Just beyond the protesters, in a building that was dark save for a few bottom-floor lights, a pair of state policemen sat in a room the size of a broom closet, drinking coffee and watching their own blank feed on a tiny screen.

Unraveling a Literary Mystery—this too had been contested. The president of the college chose the title because it sounded to him fitting for what the professor had in mind. But in fact the president did not know exactly what the class would entail. He could not know; the murderer had only hinted at a “literary game” his students would play in the class. About his syllabus he had spoken to no one.

It was this inability to even guess at what was about to happen that silenced the classroom now. In the weeks before the semester had begun, when they went home to their families on Christmas break, the students who had registered for LIT 424 had time to think. To weigh their decision to take this strange course. They wondered if something could go wrong in that lecture hall, if their professor could somehow . . . it sounded crazy, yes. Most of them did not say it aloud, or if they did, they spoke only to their roommates or their closest friends. Slight whispers, torn away by the wind, carried off into nothingness.

If he could somehow get out.

This was what they were thinking in those final seconds. Some of them talked about their other classes that semester, flipped through textbooks and highlighted paragraphs in trembling arcs of yellow. But mostly they sat, saying nothing. They stared at the dead television screen. They wondered, and they waited.

Finally the television went to a deeper black, and everyone sat up straight. Then the box began to hum, an electrical, nodish oohing, a kind of flatline that moved left to right across the room. Their professor—the MacArthur-winning genius, once a shining star at nearby Dumant University and the closest thing to celebrity a professor of literature could possibly be, the same man who had viciously murdered two graduate students twelve years before—was ready to appear.

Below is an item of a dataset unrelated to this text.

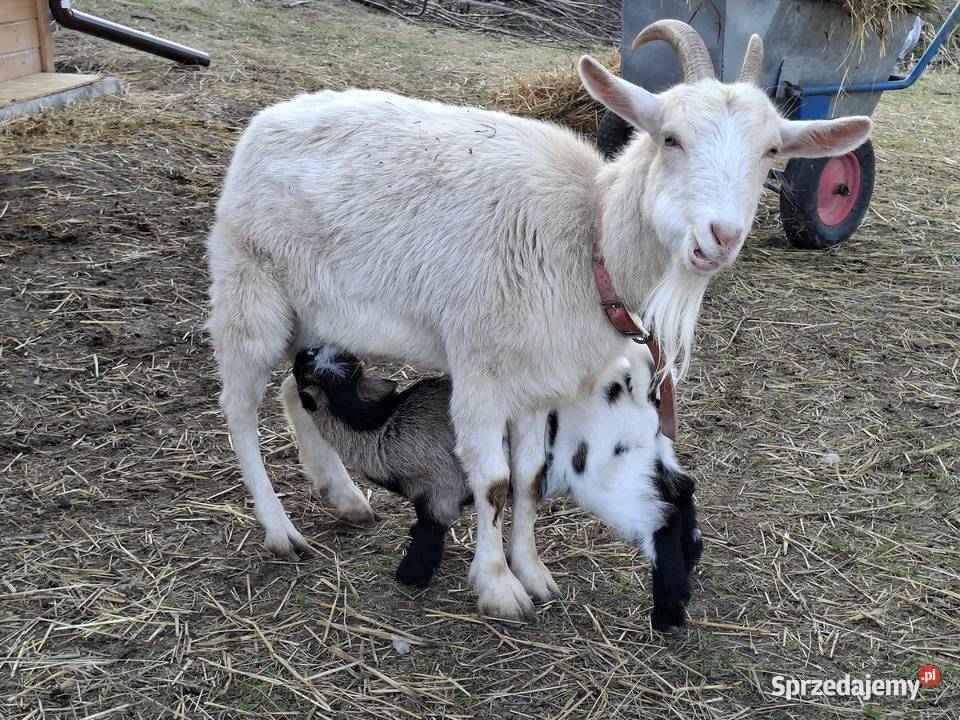 Minikozioł i młode Gorzebądz sprzedam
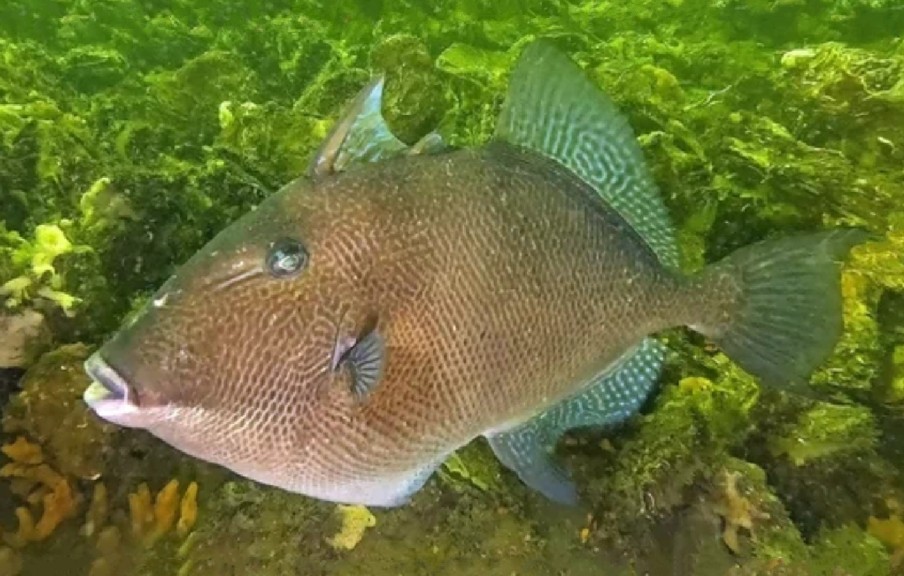 Grey triggerfish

Then the blackness dissolved and the noise died away and the professor’s face came to them on the screen. They had seen pictures of him, many of them preserved in yellowed newsprint. There were images of the man in a dark suit (at his trial), or with his wrists shackled and smiling wolfishly (moments after the verdict), or with his hair swept back, wearing a tweed jacket and a bow tie (his faculty photograph at Dumant in 1980).

Those photographs did not prepare the students for the man on the screen. This man’s face was harder, its lines deeper. He was in fact wearing a simple orange jumpsuit, the number that identified him barely hidden beneath the bottom edge of the screen. The V of his collar dipped low to reveal the curved edge of a faded tattoo just over his heart. Although the students did not yet know this, the tattoo was of the thumb-shaped edge of a jigsaw puzzle piece.

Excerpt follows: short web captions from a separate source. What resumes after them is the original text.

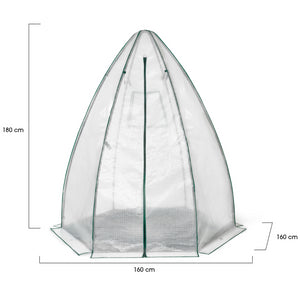 IDMarket - Serra a cupola per lo svernamento 160 x 160 x 180 CM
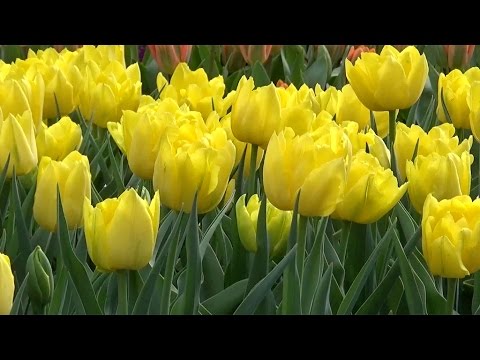 Tulip 'Monte Carlo' - FarmerGracy.co.uk - YouTube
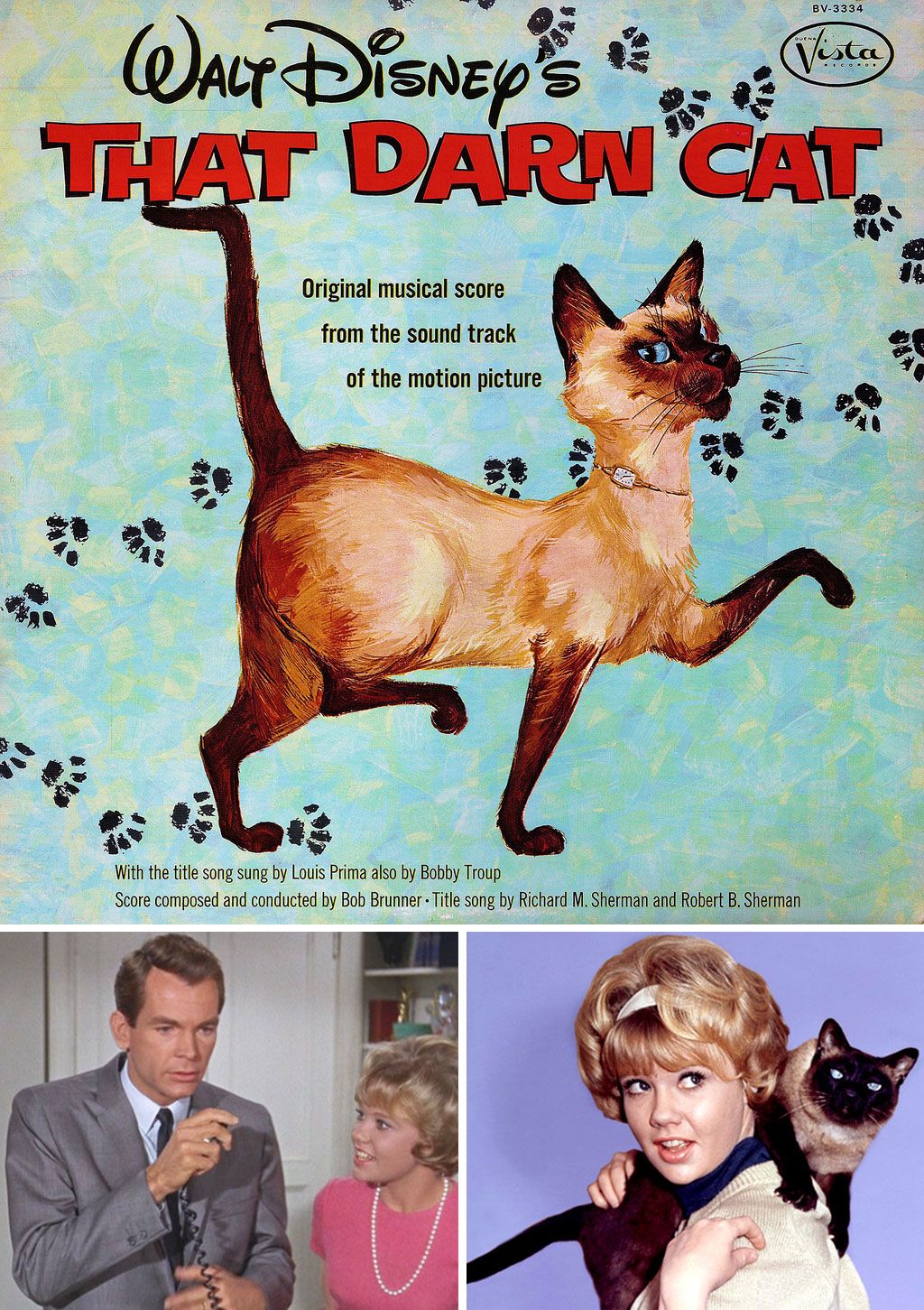 That Darn Cat Main Poster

The professor’s eyes seemed to pulse. Sharp, flinty eyes that betrayed a kind of dangerous intelligence. The second the students saw him there was a feeling not of surprise, not of cold shock, but rather of This, then. This is who he is. One girl sitting toward the back whispered, “God, I didn’t know he was so . . .” And then another girl, a friend sitting close by, finished, “Sexy.” The two students laughed, but quietly. Quietly.

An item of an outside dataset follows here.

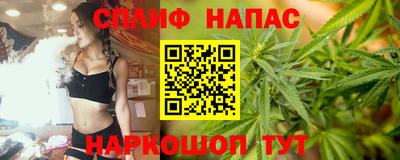 дживик Новозыбков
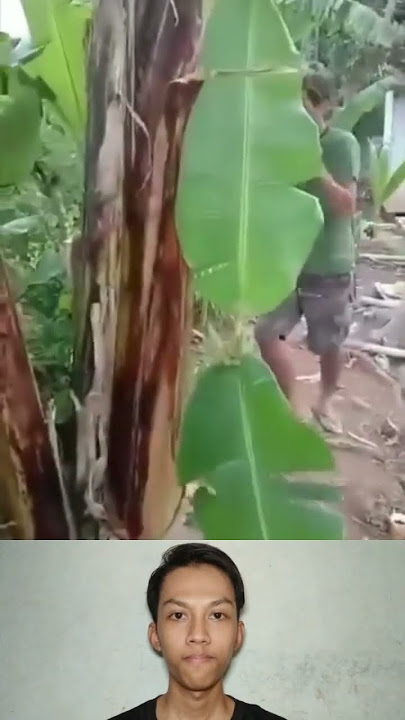 Eits gak kena #videolucu #memes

Now the professor sat forward. In the background the students could see his two prison guards, could make out everything but their faces—the legs of their dark slacks, the flash of their belt buckles, and the leathery batons they carried in holsters. One of them stood with legs spread wide and the other was more rigid, but otherwise they mirrored each other. The professor himself was not behind a pane of glass; the camera that was trained on him was not shielded in any way. He simply sat at a small table, his uncuffed hands before him, his breathing slow and natural. His face bore the slightest hint of a smile.

“Hello,” he said softly. “My name is Richard Aldiss, and I will be your professor for Unraveling a Literary Mystery. Speak so I can hear you.”

“Hello, Professor,” someone said.

“We’re here,” said another.

Aldiss leaned toward a microphone that must have been just out of the camera’s view. He nodded and said, “Very good. I can hear you and you can hear me. I can see you and you can see me. Now, let us begin.”